E isso para ficar apenas no básico, pois há situações ainda mais tenebrosas.
No final das contas, eu acabo por concordar com a declaração do crítico de cinema Brandon Judell, que chamou o filme de "A vila sésamo de Satanás". E, em alguns momentos, ele realmente parece esse grande samba do crioulo doido. Porém, há quem veja no longa uma produção subestimada ou mal interpretada. Questão de gosto. Como legado para a história do cinema, ficou o desastre financeiro, o framboesa de ouro para Brando e a certeza de que hollywood enlouquece quando quer - e de graça. Um pequeno aparte: eu tenho dois colegas fãs dessa pérola audiovisual, que quando foram comigo ao cinema Paratodos, no Méier, para assisti-lo, o chamaram ao fim da sessão de "um grande estudo de caso sobre a paranoia humana". Enfim... Vai entender a humanidade.
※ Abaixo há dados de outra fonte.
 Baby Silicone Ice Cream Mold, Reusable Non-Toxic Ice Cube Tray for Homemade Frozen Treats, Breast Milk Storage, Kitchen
E é dessas insanas opiniões pessoais que nascem os chamados filmes cults!
P.S: para quem quiser saber mais sobre a grande loucura que foi realizar essa produção procurem pelo ótimo documentário Lost soul: A viagem maldita de Richard Stanley à ilha do Dr. Moreau, de 2014 e dirigido por David Gregory, disponível no Amazon Prime. Eu confesso: saí da sessão ainda mais perplexo do que quando fui ver o longa nos cinemas 25 anos atrás.